My heart goes out to you because I too understand how dark things can get with this thing.

But, I have to reiterate that you are more resilient and smarter than you give yourself credit for. It is absolutely okay to feel the way you do, its a catharsis in a way, i know it is for me atleast. When it rains it really pours badly, but somehow at our lowest something happens and things reach a climax where it cants get worse. things will become better soon, at any second. keep fighting and hoping and never give up on yourself, on finding peace within, and on who you are destined to be

Ive been on a concotion of antipsychotics, antidepressants..etc, ive recently come off of everything with the exception of lamictal and I have never felt better. the withdrawls are horrifying sometimes, but no situation is irreversible. our body and mind adapts and heals itself. it is never too late to make a change and there is no long term impact. i dont believe it is so.
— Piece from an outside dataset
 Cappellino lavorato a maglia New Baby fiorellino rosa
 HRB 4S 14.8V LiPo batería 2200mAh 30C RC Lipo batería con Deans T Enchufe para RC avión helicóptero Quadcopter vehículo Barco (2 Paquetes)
also, taking medication is NEVER a sign of weakness. on the contrary, it takes more courage and strength for someone to fight for themselves and to live with DP on a daily basis with a smile on their face and go forth being who they are.

I would really urge you to probably go low dosage on everything, try another medication or alternative forms of treatment. you need something to make you cope and feel better, dont put into consideration curing the DP because as harsh as this will sound but it would be like chasing a dream. ive come to realize that curing DP is an evolutionary process and not an act within itself.

try to hang in there melissa, just wait it out for a while and things will get better. surround yourself with loved ones and proper professionals. the first year of DP is horrifying to say the least, your reactions to it are valid and were always here on the forum are here to listen and support you in all that you do.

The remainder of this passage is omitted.